Best Chocolate Chip Cookies

Taken from The Best Recipe, Cook's Illustrated's collection of 700 recipes. Cook's Illustrated attacks recipes with scientific vigor. They try multiple variations of ingredients until they come up with what they consider the ideal combination. This book is for people who believe in the precision of baking and really enjoy a well crafted dish. Of course I have only tried their desserts over the years, but I am guessing their main dishes are spectacular too. Their desserts certainly are. You will find these cookies taste very much like the ones you can buy at gourmet cookie shops. They do not keep though. Either eat them within 24 hours (two days really is too many) or freeze them that day. Put cookies in pairs into plastic sandwich bags and freeze them for later eating.


  • Position two racks in the middle of your oven.
  • Preheat oven to 325 degrees.
  • Line two large cookie sheets or pans with parchment paper or silicon baking mats. (Either works. Parchment can be found at good cooking stores and most natural oriented grocery stores. It keeps the cookies from spreading too much.)
  • Combine dry ingredients in a small bowl. A whisk or a fork works.
  • Stir the sugars into the cooled, melted butter. You can do this in the saucepan with a wooden spoon, or in a mixer. Combine well. Not all the butter will be absorbed.
  • Stir in the egg and yolk, then stir in the vanilla until blended. You will wind up with a very smooth butterscotch looking and tasting concoction. No fair eating it all at this point.

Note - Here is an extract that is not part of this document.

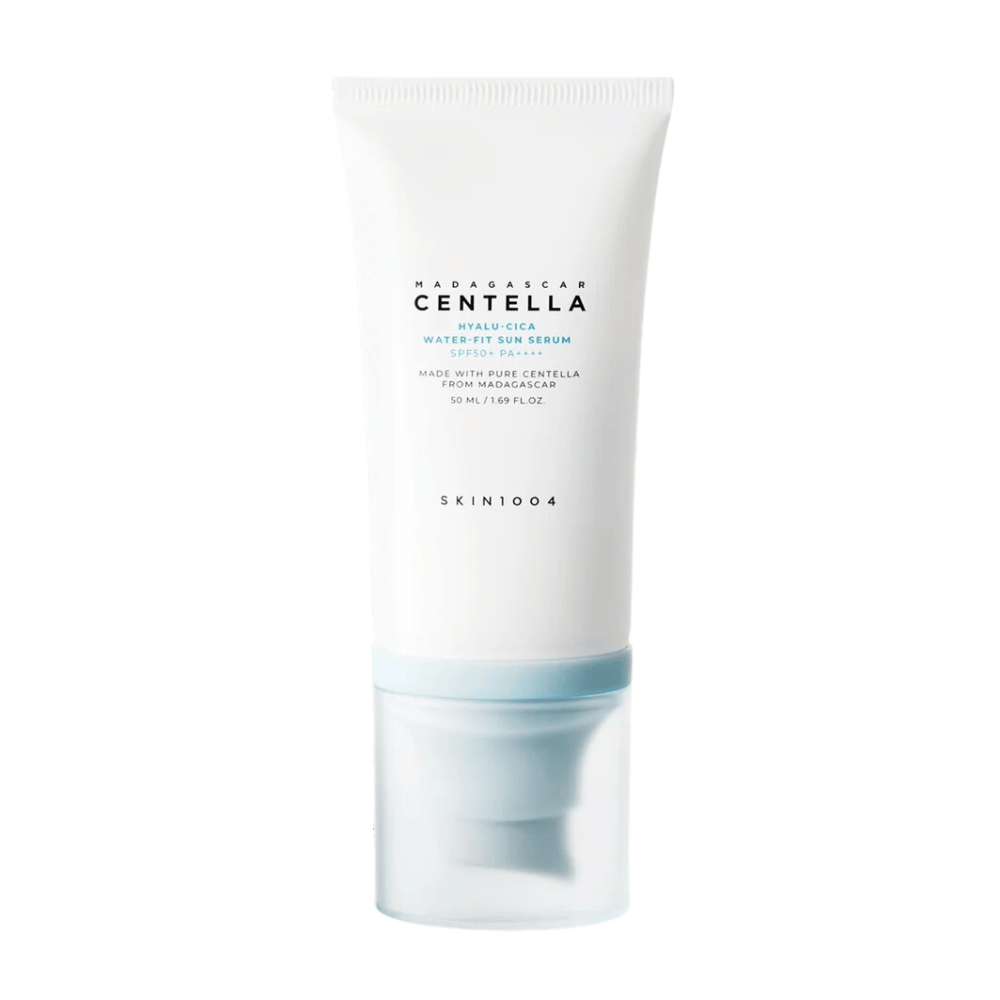 Madagascar Centella Hyalu-Cica Water-Fit Sun Serum 50ml da SKIN1004 protegge dai raggi UV mentre aumenta l'umidità con Madagascar Centella.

  • Stir in dry ingredients until just blended.
  • Stir in chocolate chips.
  • Scoop the cookies onto the cookie cheets in 1/4 cup units. OR: Using an ice cream scoop, scoop out scoops of batter onto the cookie sheets. The book has a lovely diagram about rolling the dough into a ball and tearing the ball in half, rotating the halves 90 degrees and pressing them back together. This is designed to get a textured top that looks cool after you bake. I found I got a similar effect just from my scoop as the dough was dislodged.
  • Bake cookies for 15-18 minutes. Bake for 7 1/2 minutes at first. Rotate cookies, turning around each sheet and switching between racks. Then set timer for 7 1/2 more minutes.

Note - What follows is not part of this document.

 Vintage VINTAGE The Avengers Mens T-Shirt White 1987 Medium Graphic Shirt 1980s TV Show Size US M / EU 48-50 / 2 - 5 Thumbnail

  • At the fifteen minute mark check the cookies. You have two choices. If they are light golden brown and slightly set around the edges while still underdone in the middle you can take them out now (see image at right or larger image at the top of the recipe.). Your other option is to take one sheet out now and bake the other sheet for 3 more minutes. After cooling taste them both and see which time you prefer. Several tastings will be needed. One at about ten minutes when they are still warm. Milk is recommended. Another at about 45 minutes as they have cooled a bit. And if any survive another tasting can be done the next day. For me the 18 minute time produced a crisper cookie that works well for bag lunches and road trips.
  • Leave the cookies on the sheets to cool. When cool, you can peel the cookies right off the parchment. The finished cookie will look slightly underdone when cooled.